Rechtsdokumente in Anwaltsqualität“ ist eine irreführende Aussage

Das LG kritisierte die Werbeaussagen aber auch insoweit, als diese bei dem Verbraucher die irreführende Vorstellung hervorriefen, durch Nutzung des Generators eine rechtlich auf ihre konkrete Situation zugeschnittene Vertragsgestaltung zu erhalten, die qualitativ der individuellen Vertragsgestaltung durch einen Rechtsanwalt gleichkomme.

Dies berge die Gefahr, dass die AGB-Formulierung, mit der dem User geraten werde, im Falle einer erforderlichen individuellen Rechtsberatung den Rat eines Anwalts einzuholen, in der Praxis eher leerlaufe.

Nicht zuletzt betonte das Gericht den erforderlichen Schutz des Verbrauchers vor unqualifizierter Rechtsberatung, den das RDG gewährleisten soll.
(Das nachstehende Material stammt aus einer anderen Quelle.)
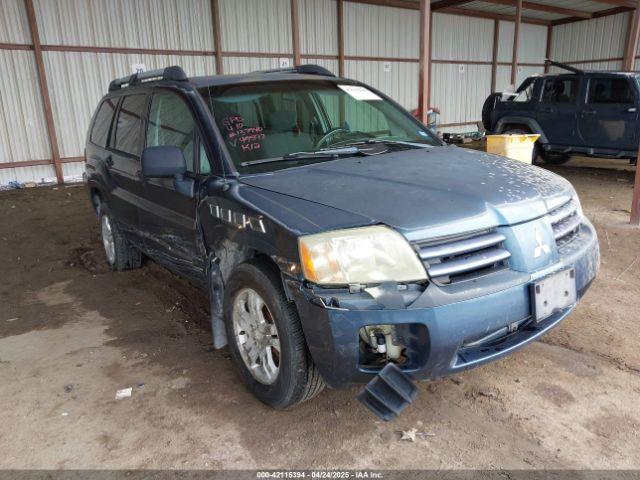  Salvage Mitsubishi Endeavor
Im Ergebnis sei das Angebot des Diensteanbieters daher unzulässig.

(LG Köln, Urteil v. 8.10.2019,33 O 35/19)

Reaktion: Rechtsanwaltskammer Hamburg begrüßt das Urteil

Die hanseatische Rechtsanwaltskammer Hamburg hat das Urteil begrüßt und betont in einer Presseerklärung, dass ein Computer, der in einem Frage-Antwort-System dem User eine individuelle Vertragsgestaltung vorschlägt, niemals die Qualität eines durch einen Rechtsanwalt erstellten Vertrages unter Berücksichtigung der Gesamtsituation des Mandanten bieten kann.

Das RDG behalte deshalb zu Recht Anwälten und in Ausnahmefällen besonders ermächtigten Stellen eine solche individuelle Rechtsberatung vor.
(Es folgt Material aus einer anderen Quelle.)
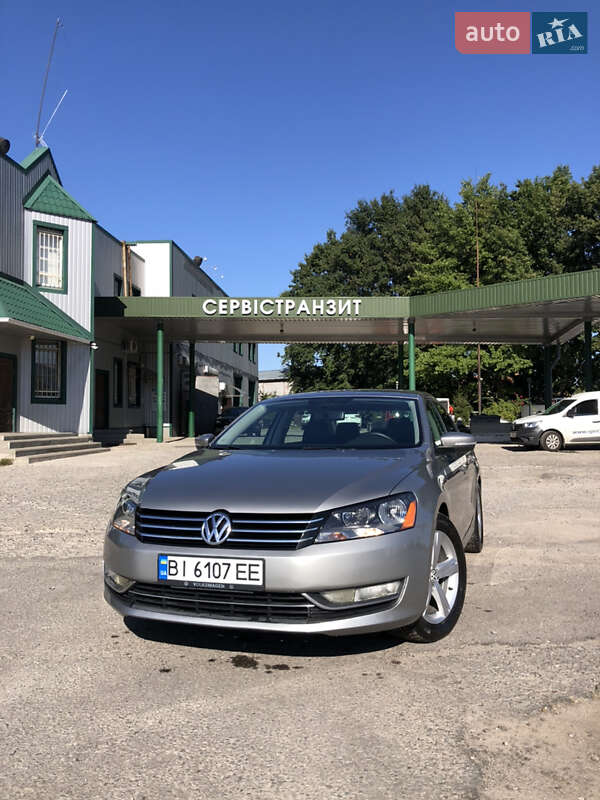 Volkswagen Passat 2013 Volkswagen Passat 2013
Dies diene sowohl dem Schutz der Rechtsuchenden als auch dem Schutz der Anwaltschaft vor einer Konkurrenz, die ohne rechtliche Einschränkungen wie dem Fremdfinanzierungsverbot und der obligatorischen Haftpflichtversicherung Rechtsdienstleistungen von im Ergebnis minderer Qualität auf den Markt brächten.

Hintergrund: Strittige Rechtsprechung zu Legal-Tech-Angebote - Entscheidung des BGH erwartet

Der beklagte Dienstleistungsanbieter hat bereits Rechtsmittel gegen die Entscheidung des LG angekündigt. Insoweit dürfte die am 16.10.2019 anstehende Verhandlung vor dem BGH zur Zulässigkeit des Internetangebots der Website „wenigermiete.de“ von Interesse sein.
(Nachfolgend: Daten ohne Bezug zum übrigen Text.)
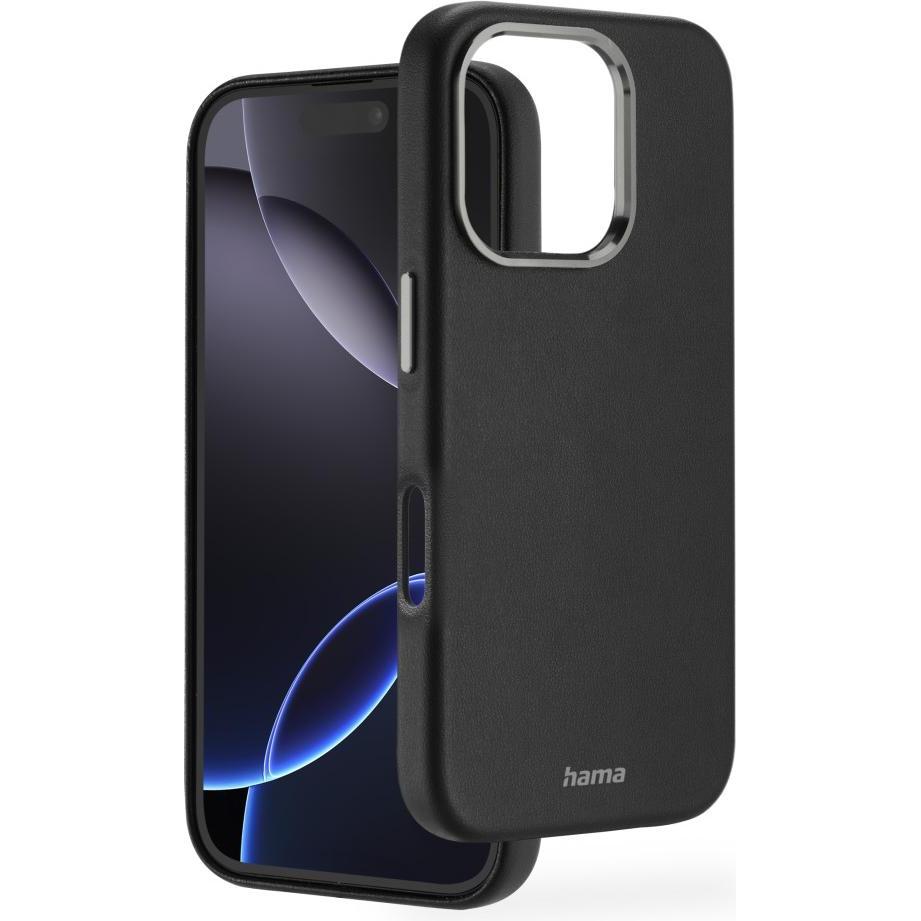 Thumbnail - Hama Eco Premium (Apple iPhone 16 Pro), Smartphone Hülle, Schwarz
„Wenigermiete.de“ prüft aufgrund individueller Angaben von Mietern zu ihrer Wohnung und ihrem Mietvertrag die Berechtigung des monatlichen Mietzinses u.a. unter Berücksichtigung der Mietpreisbremse. Gegen den Dienstleister hatte die Rechtsanwaltskammer Berlin geklagt. Das LG Berlin hat das Modell nicht als unzulässige Rechtsdienstleistung, sondern als zulässige Inkassodienstleistung bewertet (LG Berlin, Urteil v. 15.1.2019, 15 O 60/18; anders noch LG Berlin, Urteil v. 18.8. 2018, 63 S 1/18). Die Verfahren zeigen, wie umstritten die Bewertung dieser Legal-Tech-Angebote in der Rechtsprechungspraxis noch ist. Die Verhandlung vor dem BGH über das von der Anwaltskammer Berlin eingelegte Rechtsmittel wird daher mit Spannung erwartet.